# Rediscovered this drag bike photo today



## Tmate (Aug 8, 2021)

I was rummaging through some old photos yesterday, and came across this early project photo I thought I would share.  In the early 70's I built this drag bike based on a rigid Triumph frame with a short springer front end and a Kawasaki H1 500cc triple engine with home-made H1R expansion chambers.  They probably added 20 hp, and probably would have worked just as well had I fitted them to the stock frame.  Amazing little bike.


----------



## FOMOGO (Aug 8, 2021)

Those triples were fast. The 750's were downright scary. Mike


----------



## matthewsx (Aug 8, 2021)

I had a H1 when I was in high school. I killed it, not the other way around.


----------



## talvare (Aug 8, 2021)

Ya, those Kawasaki triples were fast.

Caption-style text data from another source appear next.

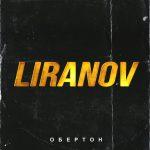 LIRANOV — Cледуй за мной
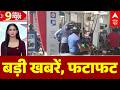 Top News: आज की बड़ी खबरें | Twisha Case | Petrol-Diese-CNG Price Hike| Marco Rubio | PM Modi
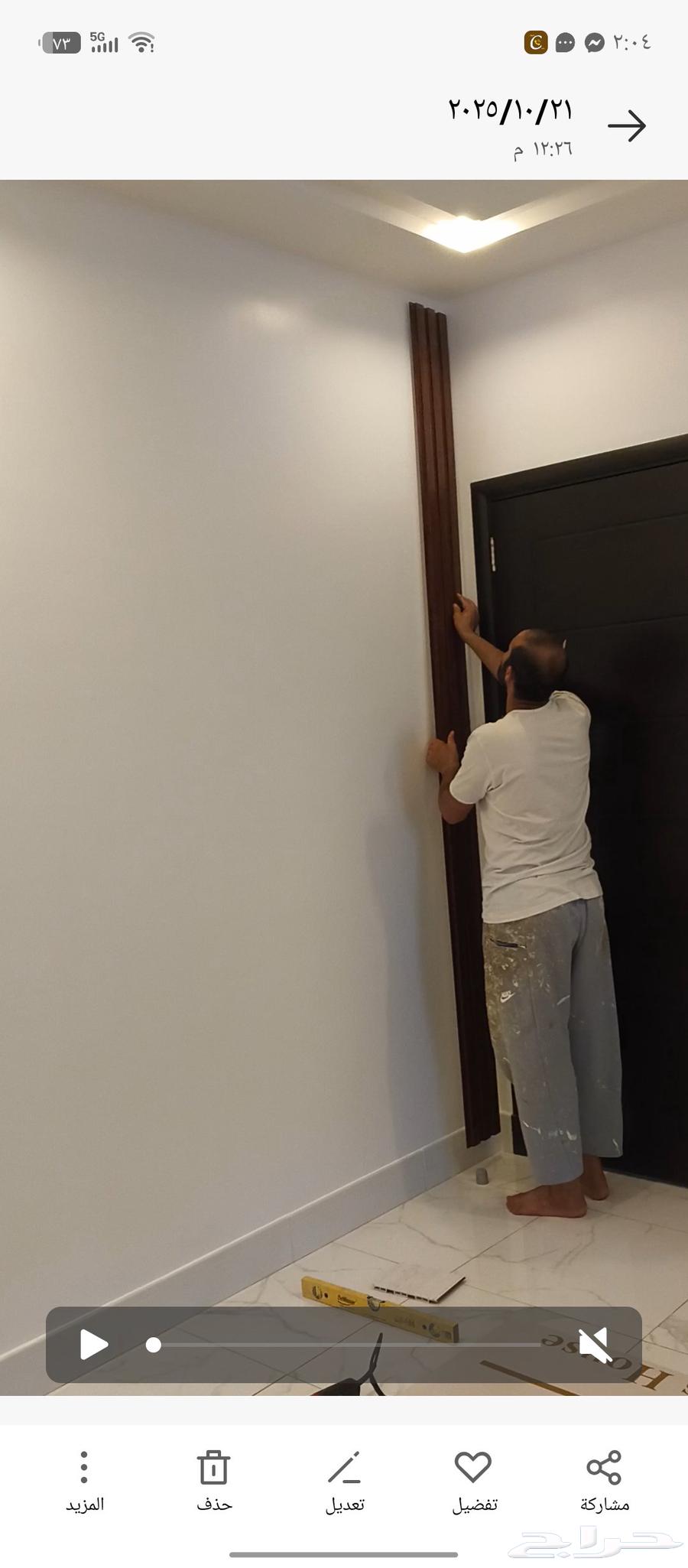 معلم ديكورات ودهانات64228273613186111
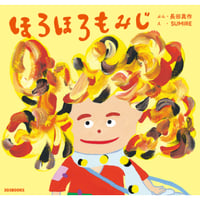 ［サイン本］『ほろほろもみじ』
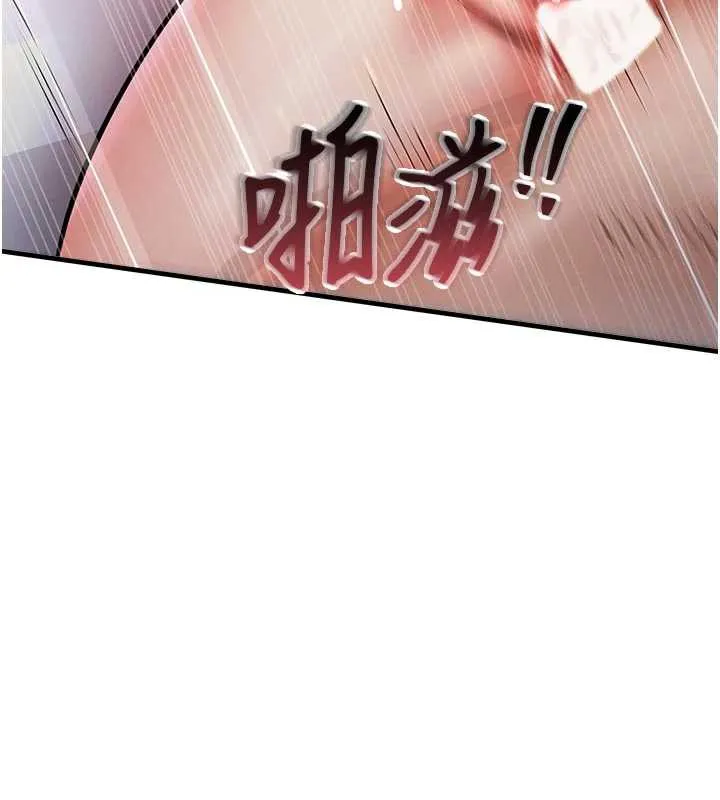 衣錦還鄉第22話-你老婆我玩得很爽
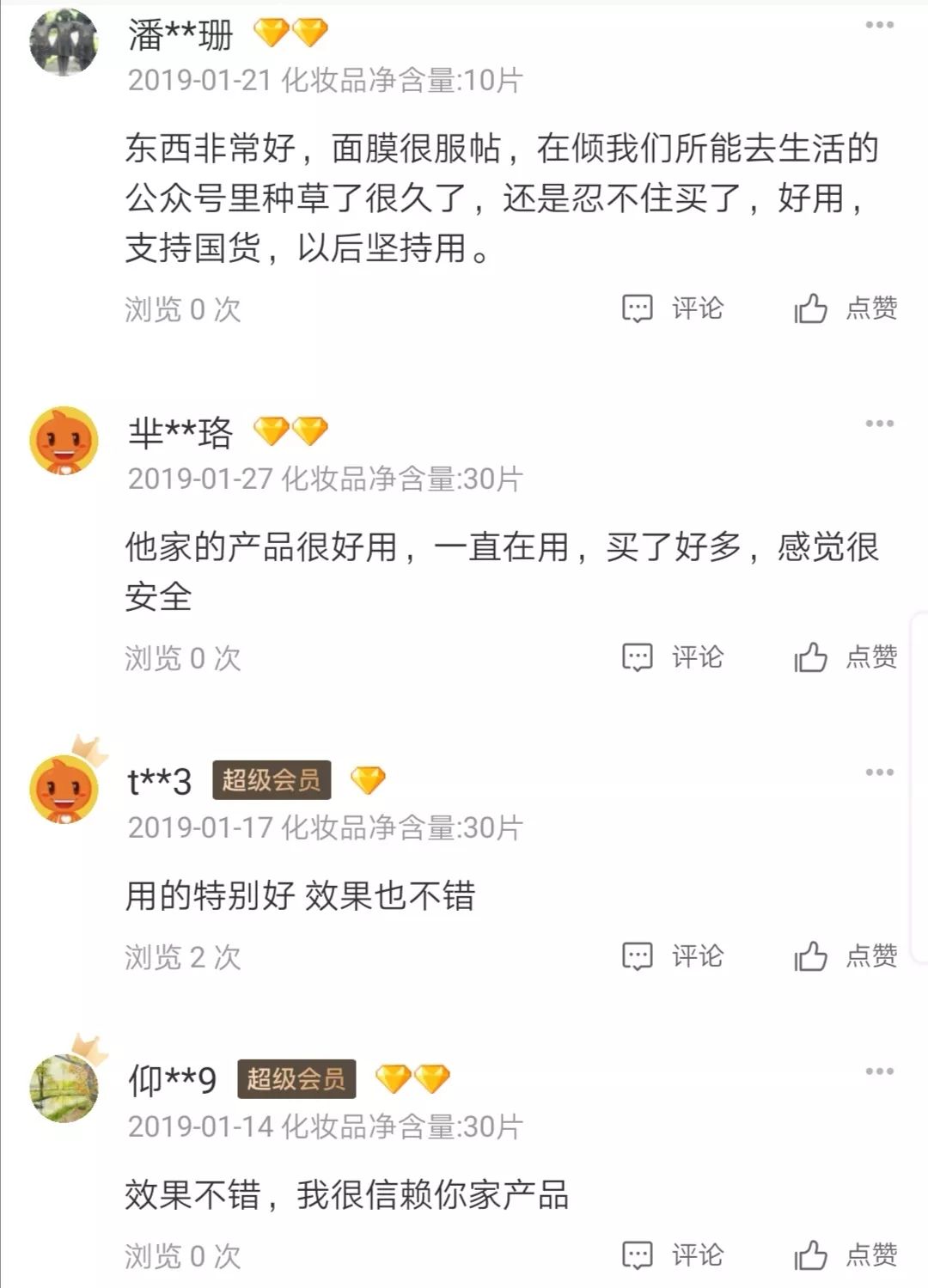 痘印心得经验_痘印心得经验_痘印心得经验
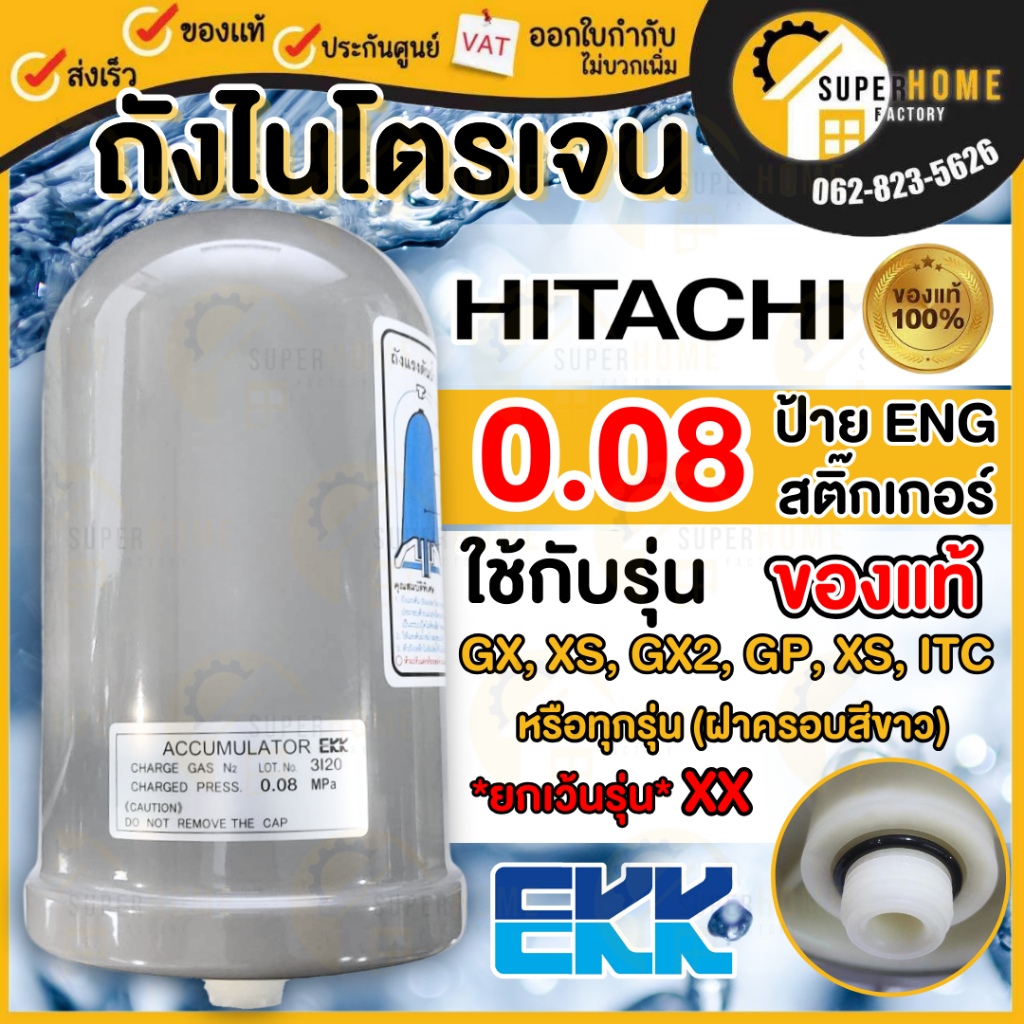 💥แท้ ส่งด่วน💥HITACHI NEW ถังไนโตรเจน 0.08 / 0.12 ENG STICKER ติดมากับตัวปั๊ม ถังลมปั๊มน้ำ ถังแรงดันป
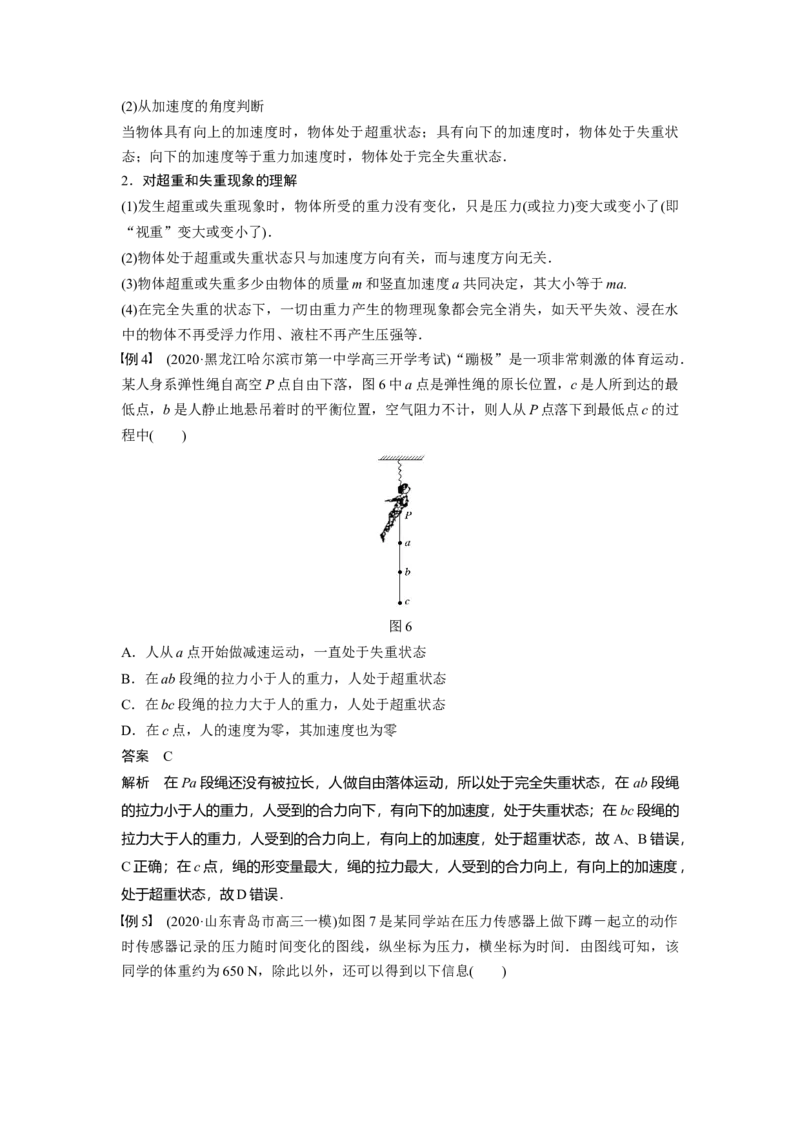 2022年高考物理一轮复习（新高考版1(津鲁琼辽鄂)适用）第3章第2讲牛顿第二定律的基本应用_04高考物理_新高考复习资料_2022年新高考复习资料_高考物理2022年一轮复习各版本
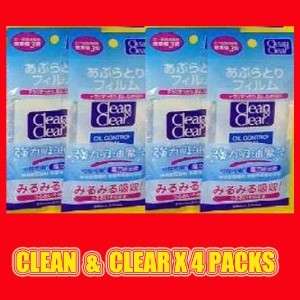 BN CLEAN & CLEAR OIL BLOTTING PAPER 240SHEETS(4 PACK)  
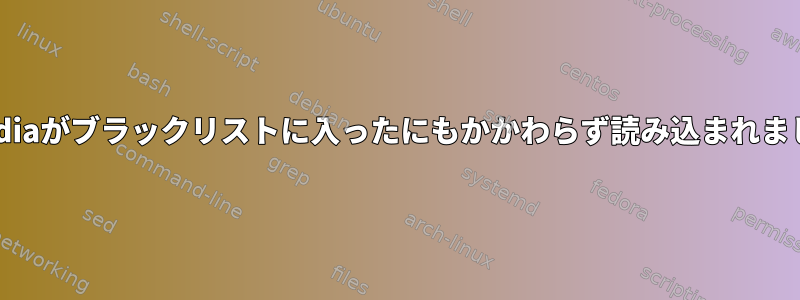 Nvidiaがブラックリストに入ったにもかかわらず読み込まれました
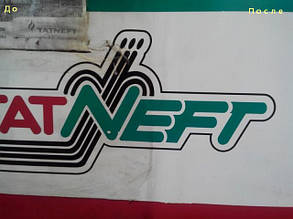 Удаление сложных загрязнений (мазут, ГСМ)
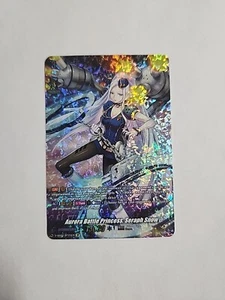Aurora Battle Princess, Seraph Snow SP - Picture 1 of 2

In 1970 I was going to buy a 750 Honda but thought I should take a test ride on an H2 before I made my decision. About 30 seconds into the test ride the decision was made to buy the Honda. The H2 was fast as hell, but what an ill handling bike. A few years later I bought one of the Kawasaki Z1's. That was a great bike. Of course, by today's standards all of those bikes handled pretty poorly.

Ted


----------



## Tmate (Aug 8, 2021)

Here's a 1976 shot of my 1975 Z-1 with a 1,000 cc kit and an exhaust header.  I later o-ringed the barrels and fitted it with a welded crank, low compression pistons and a turbo with an S&S Carb.  Boost came in suddenly and would pull the front wheel at 90 mph in third gear.  This, of course, was over 40 years ago.  At age 82, it's hard to believe I was ever that reckless.


----------



## Tmate (Aug 9, 2021)

A few other bikes from my distant past.  There were many more for which I unfortunately saved no pictures.


----------



## Ulma Doctor (Aug 9, 2021)

I just sold off a 75’ Z1 for parts.
They look scary fast sitting still


----------



## matthewsx (Aug 9, 2021)

This is what we make where I work....


----------